The main character Oothoon in The Visions of the Daughters of Albion is a liberation figure challenging not only male chauvinism and marriage but the institution of slavery and imperialism in general. The female protagonist Oothoon, a sex slave who is raped by the slave driver Bromion, is clearly made to represent both the fertile, virginal and innocent lands of the pre-colonialism New World and the oppression of the women of Blake’s time, who were, like slaves, treated as property of their husbands. In the course of his poem Oothoon becomes the ultimate symbol for liberation both as a woman and as a slave. Even though the author slyly created Oothoon as a European woman whose skin is described as “snow white” in order to elicit sympathy from European readers that a dark-skinned woman might not have received so heartily, she still becomes the voice of subjugated races.
Social conditioning is also examined as a force in society, since all three characters are chained (literally on the accompanying plates) by the conventions of the society they inhabit and the patriarchal, property-oriented and colonialist attitudes thereof. Bromion says explicitly to Oothoon, “Thy soft American plains are mine, and mine thy north & south: Stampt with my signet are the swarthy children of the sun: They are obedient, they resist not[.]” The double meaning here is transparent.

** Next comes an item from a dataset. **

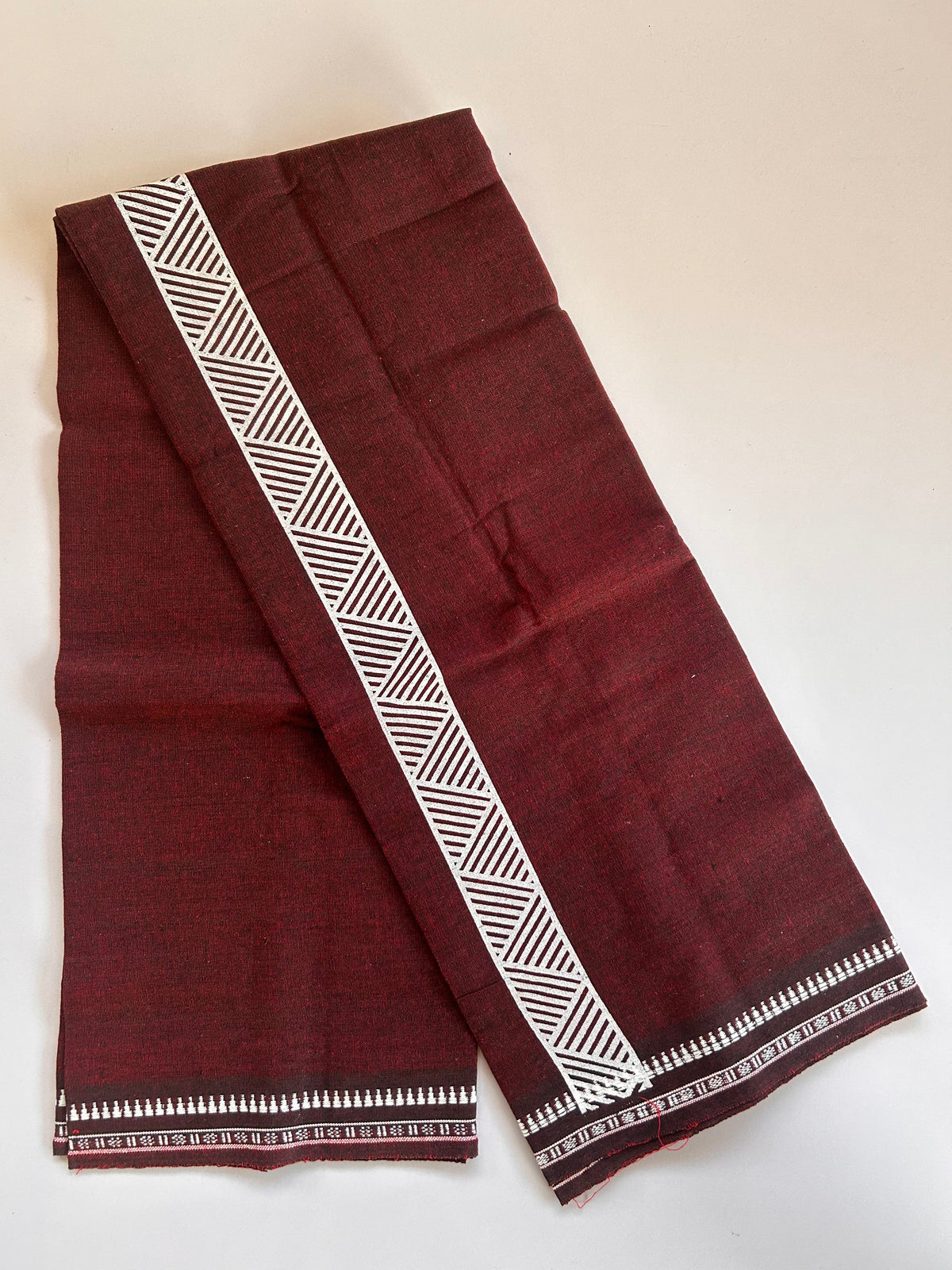 Single Kaily / Lungi - Kaitharikada - Mixed Cotton - 2/40s twisted - 2 inch White Printed Design Kuppadam Kara Maroon & Black Colour Body (2 meter / 4 muzham) - 51 KK8089 SAT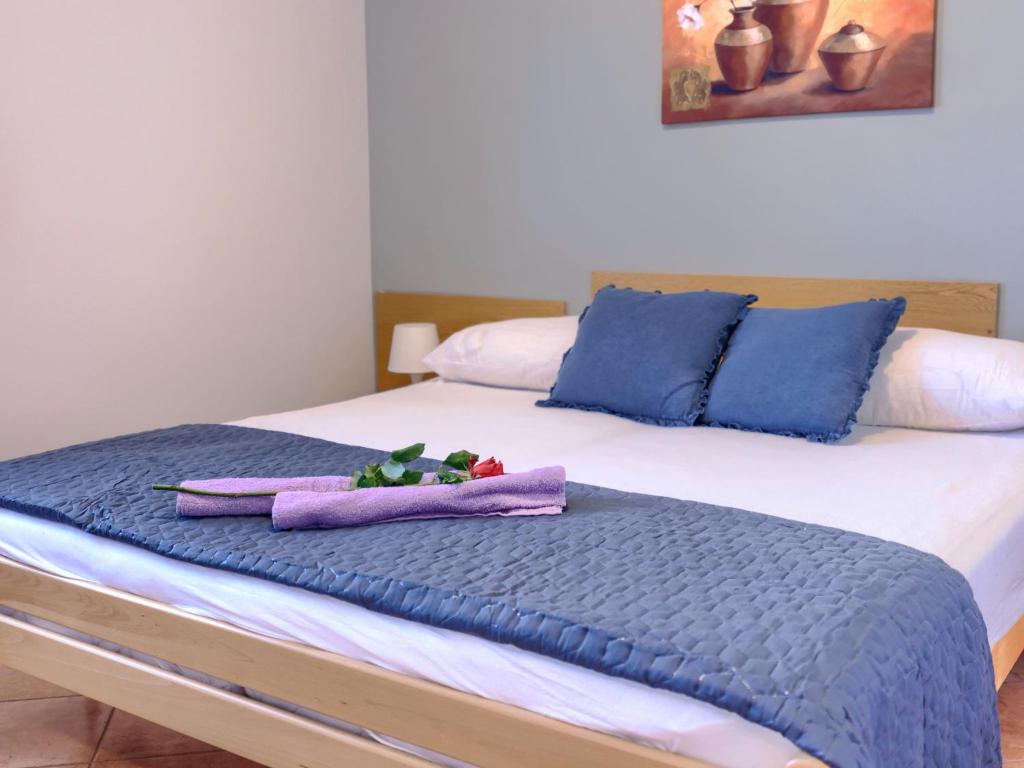 Łóżko lub łóżka w pokoju w obiekcie Apartment Gordana-2 by Interhome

The idea of people and land as property is also examined, since Theotormon as a lover and owner cares not whether Oothoon as a person is harmed, but rather about his own possession of her and what his failing to obtain such a prize means for himself. He symbolizes the insecurity and oppression of colonialist man—specifically his feeling that for himself to have any value he must enslave and oppress others. It is also not a coincidence that Bromion is sketched as being very masculine and powerful, the idealized man who delights in domination. Like most of Blake’s more revolutionary works, Visions of the Daughters of Albion communicates the social and political ills of the time without having a traditional ending or clear resolution—Blake ultimately places the responsibility for true change upon his observers of the Visions, his readers.